[Recorded data]:

------

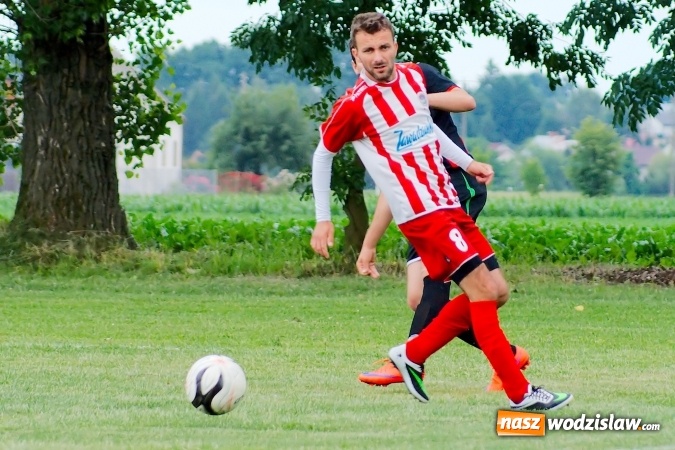 Zdjęcie w galerii na portalu naszwodzislaw.com: Nerwówka w Bieńkowicach. Baraż nie dla Rogowa wiadomości z regionu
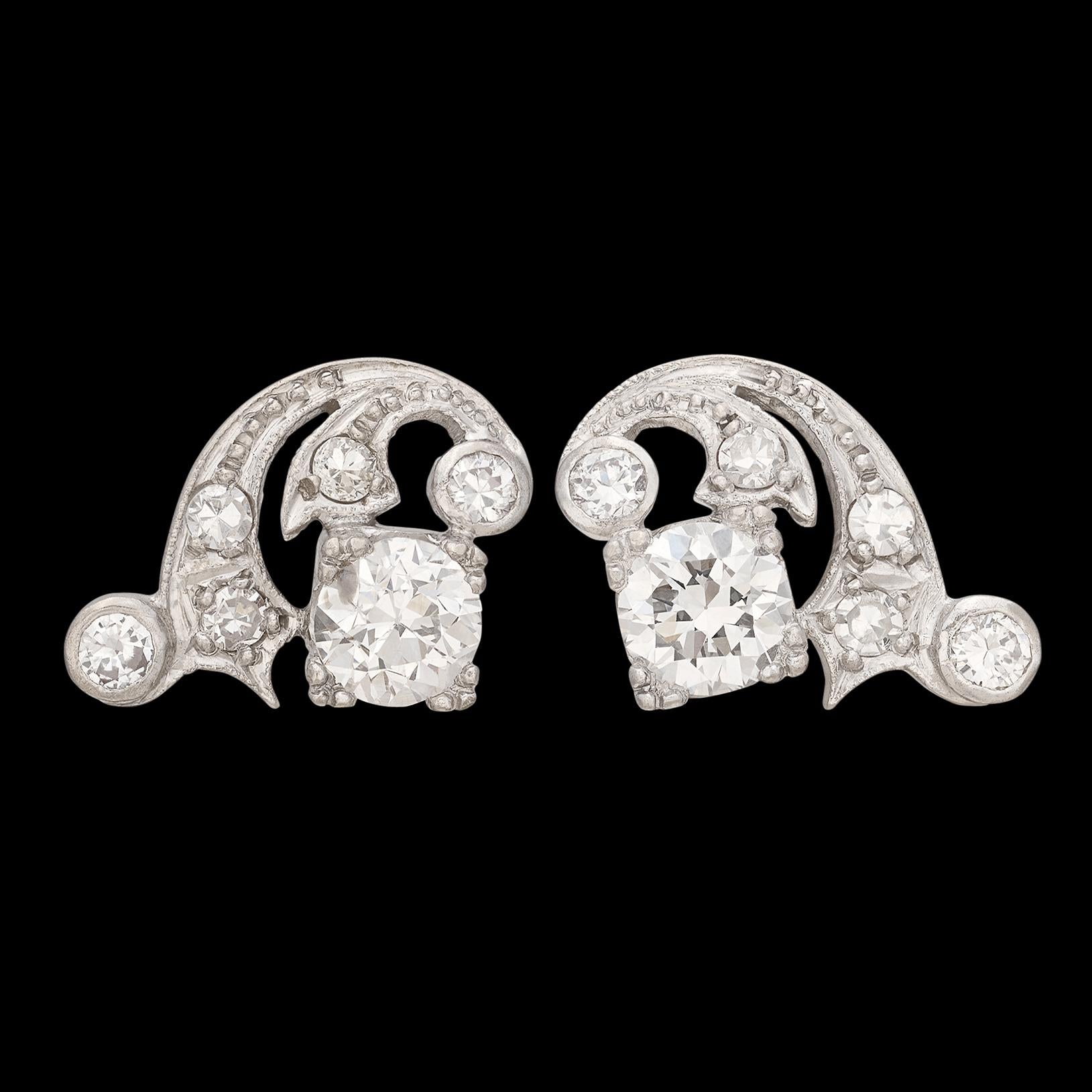 Art déco Platin-Diamant-Ohrringe mit Nachlass (Alteuropäischer Schliff) im Angebot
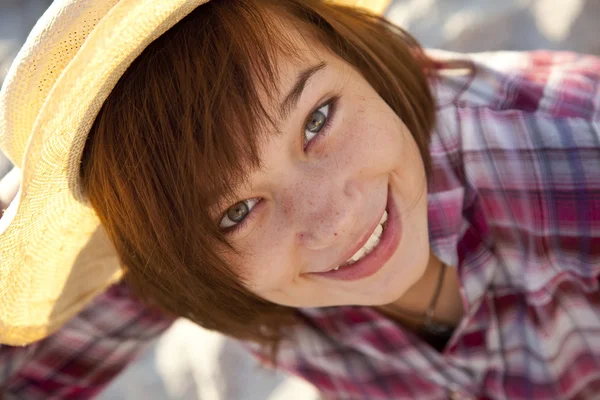 Close-up portrait of beautiful brunet girl. — Stock Photo, Image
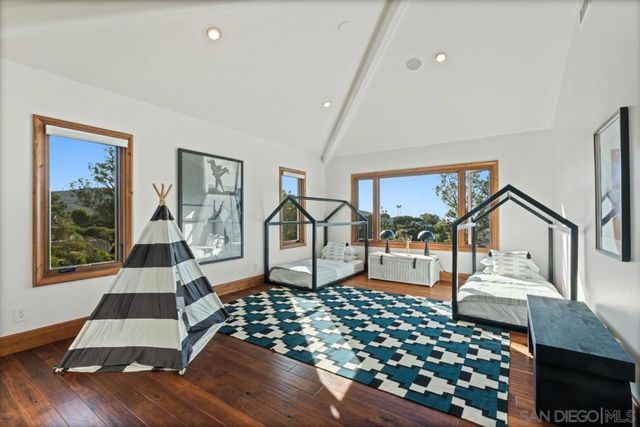 8080 La Jolla Scenic Dr N, La Jolla, CA 92037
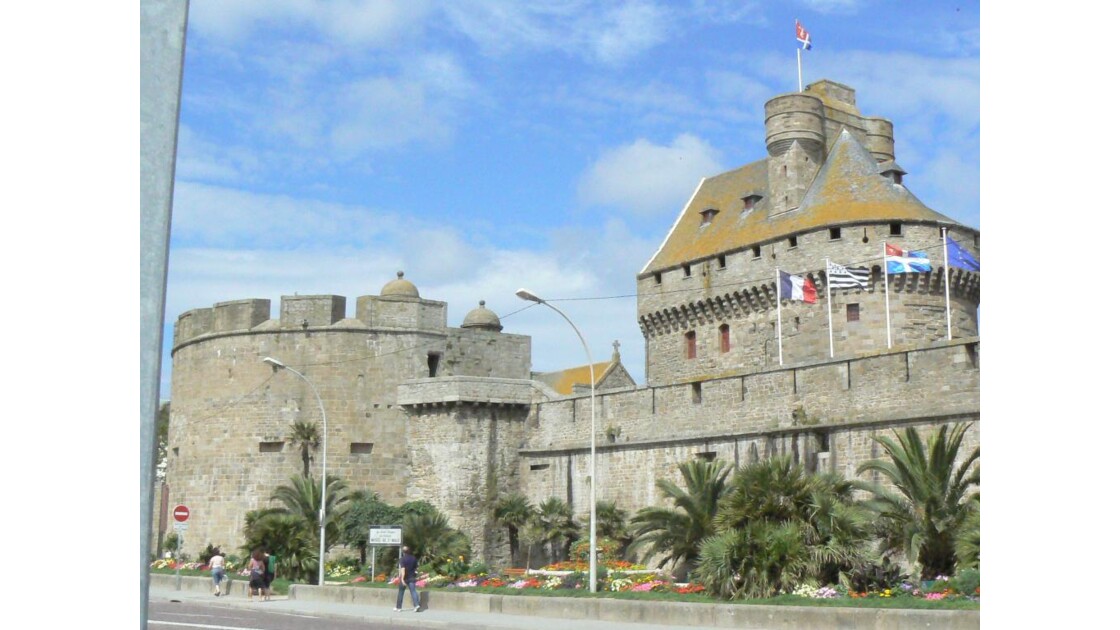 le château(hôtel de ville)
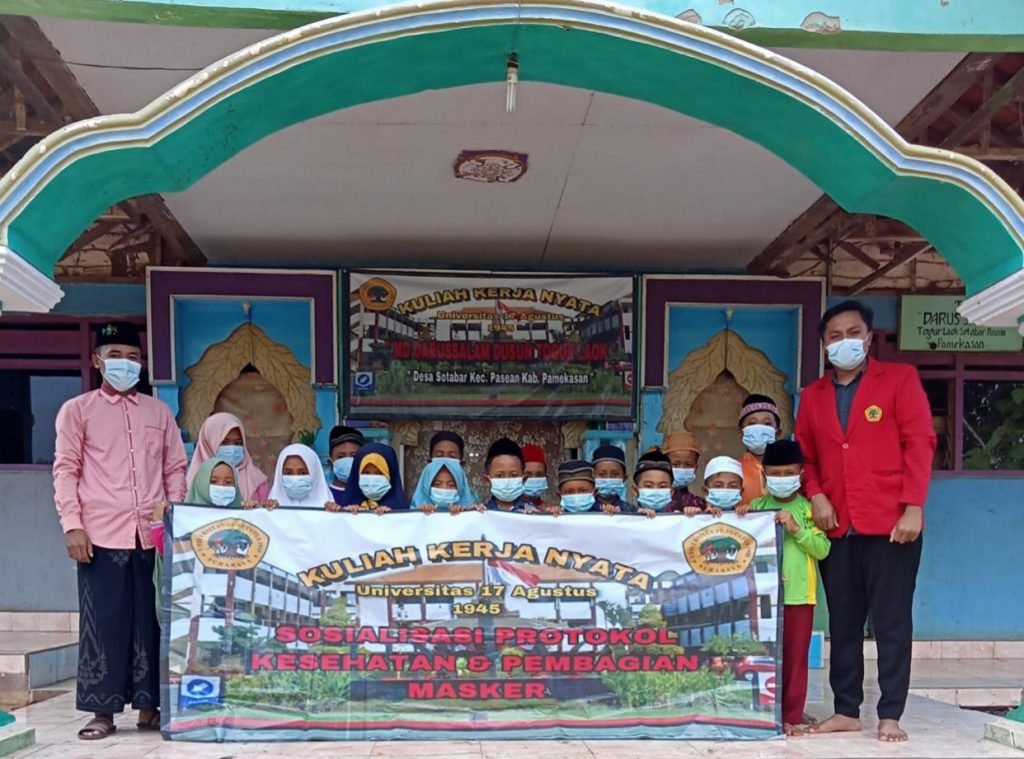 Mahasiswa KKN Untag Sosialisasikan Protokol Kesehatan pada Masyarakat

------

[What you are asked to do]:
A faithful copy is needed of the lines from the one containing "Close-up portrait of" through the last line of the data above, with pictures left out.

[Answer for this exercise]:
 Close-up portrait of beautiful brunet girl. — Stock Photo, Image
 8080 La Jolla Scenic Dr N, La Jolla, CA 92037
 le château(hôtel de ville)
 Mahasiswa KKN Untag Sosialisasikan Protokol Kesehatan pada Masyarakat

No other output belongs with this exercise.